In Your Box (serves 2)

  • 10 oz. Sweet Potato
  • 1 Watermelon Radish
  • 1 Lemon
  • 15½ oz. Canned Chickpeas
  • 3 Cilantro Sprigs
  • 1 Red Bell Pepper
  • 1 Red Onion
  • 2 fl. oz. Seasoned Rice Vinegar
  • 1 tsp. Home Chef Murmura Spice Blend
  • 1 cup Gluten-Free Indian Puffed Rice
  • 2 oz. Tamarind Concentrate

Due to our just-in-time sourcing model, we may have to send you a substitute ingredient. Not to worry! We make sure every ingredient sent to you meets our high quality standards. We’ll keep you informed should a switch occur, so please check the ingredient labels in your meal bag.

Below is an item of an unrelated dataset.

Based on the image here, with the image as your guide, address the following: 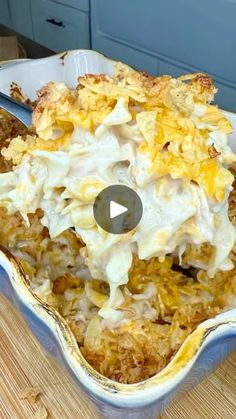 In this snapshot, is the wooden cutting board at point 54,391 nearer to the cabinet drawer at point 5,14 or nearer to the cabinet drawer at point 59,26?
the cabinet drawer at point 59,26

  • Nutrition (per serving)

  • Calories
    508
  • Carbohydrates
    104g
  • Fat
    4g
  • Protein
    15g
  • Sodium
    751mg

Recipe Steps

You Will Need

  • Olive Oil
  • Salt
  • Pepper
  • Cooking Spray
  • 1 Baking Sheet
  • 1 Mixing Bowl
  • 1 Wire-Mesh Strainer
  • 1 Large Pan

Before You Cook

  • 1

    Prepare the Ingredients

    Cut sweet potato into ¼" dice. Peel, trim, and halve watermelon radish. Slice halves very thinly. Zest lemon, halve, and juice. Drain and rinse chickpeas. Stem cilantro and mince stems. Stem, seed, and thinly slice red bell pepper (julienne). Peel and halve onion. Slice halves thinly.

  • 2

    Roast the Sweet Potato

    Place sweet potato on prepared baking sheet. Drizzle with 2 tsp. olive oil, season with a pinch of salt and pepper, and toss to coat completely. Roast 10-12 minutes, or until sweet potato is fork-tender. Remove from oven and set aside.

  • 3

    Pickle the Red Onion

    Combine red onions and seasoned rice vinegar in a mixing bowl. Stir, then marinate at least 10 minutes. Drain in a wire-mesh strainer, reserving 2 Tbsp. pickling liquid in mixing bowl.

  • 4

    Toast the Rice

    Place a large pan over medium heat. Add 1 Tbsp. olive oil and murmura spice blend. Add puffed rice and toast 3-4 minutes, stirring constantly, until lightly browned. Remove from pan and set aside.

  • 5

    Make the Salad

    In mixing bowl containing pickling liquid, whisk together minced cilantro stems, 3 Tbsp. lemon juice, 1 Tbsp. olive oil, tamarind concentrate, ½ tsp. salt, and a pinch of pepper to taste. Add sweet potato, chickpeas, red pepper, half the puffed rice, and watermelon radish to vinaigrette. Toss to coat.

  • 6

    Plate the Dish

    Divide salad between two plates. Garnish salad with pickled onions, remaining puffed rice, and cilantro leaves.